Friday, October 31, 2014

Coffin Hop 2014 and Last Request Contest

As promised in Coffin Hop post #1, here's the announcement and details for a contest running through the end of November. Last Request: A Victorian Gothic contains an allusion to a well-known 19th-century American female writer and one of her short stories. The prize is a $20 Amazon gift card. The winner will be selected from the entries that correctly name the writer and her story.

Here are some clues to help you.
  1. The writer in question is best known for a story she wrote about wallpaper, but that's not the story I referenced.
  2. The writer's last name and the word from her story's title appear in the same sentence in Last Request, only a few words apart.
  3. The clue word is the name of a living thing. Don't let its variant spellings trip you up.
Read Last Request to find the answers. Good luck. At under twelve thousand words, Last Request is a quick and fun read. Buy it, borrow it (it's part of Kindle Unlimited). Come back here to enter the contest. Here's the blurb:
“For the love of God, cut off my head.” The last request in Uncle Silas's will shocks everyone speechless, everyone except his favorite niece, Anna. More than death itself, the claustrophobic Silas fears a premature burial. Will her elders carry out his request? Anna is certain they will not. It's up to her to do the right thing, even if it is a bit grisly. Armed with butcher knife and candle, Anna heads for the crypt underneath the church in the dead of night. All does not go according to Anna's careful planning.

Step inside a dark story in the tradition of the penny dreadful, at times humorous and horrifying, but don't close the door behind you. Someone might lock you in.
a Rafflecopter giveaway
In Coffin Hop news, congratulations to Julianne and Lori, winners of my giveaway for Give Me Your Teeth: A Fae Tale. Thanks to everyone who entered the raffle. That was the best participation I've ever seen in a raffle, a sure sign of the strength of Coffin Hop. And thanks to everyone who stopped by my blog during the hop. Your comments and visits are much appreciated. There's still time to visit more stops on the hop, check out the other participants below.

Happy Halloween and don't eat your candy all at once.

Wednesday, October 29, 2014

Coffin Hop 2014: Post #3: Jack-O'-Lantern

If you hear the word Jack-o'-lantern, you likely picture a hollowed-out pumpkin with carved eyes and mouth lit by a candle inside the pumpkin. Some are scary and some are funny. However, the association between carved pumpkins, now an iconic image of Halloween, and the term Jack-o'-lantern is relatively recent.

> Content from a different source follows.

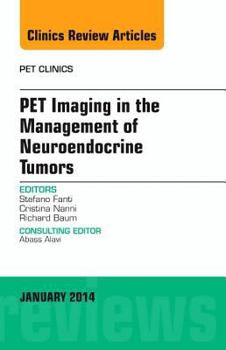 Hardcover Pet Imaging in the Management of Neuroendocrine Tumors, an Issue of Pet Clinics: Volume 9-1 Book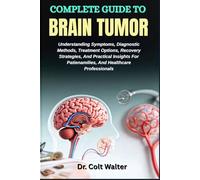 COMPLETE GUIDE TO BRAIN TUMOR: Understanding Symptoms, Diagnostic Methods, Treatment Options, Recovery Strategies, And Practical Insights For Patienamilies, And Healthcare Professionals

In East Anglia and southwestern England, jack-o'-lantern was the name given to the flickering lights sometimes visible over bogs, swamps, and marshes. The lights resemble a flickering lamp. Witnesses claim that the light recedes if approached, drawing the hapless traveler off the safe path through the marsh. The phenomenon—technically known as ignis fatuus, Medieval Latin meaning “foolish fire”—is still a mystery with several competing hypotheses. The lights are known by various names including will-o'-the-wisp, jack-o'-lantern, and friars's lantern. (A wisp is a bundle of sticks used as a torch.) Jack-o'-lantern is short for Jack of the lantern. So who is this Jack guy and why does he stroll through bogs with a lantern?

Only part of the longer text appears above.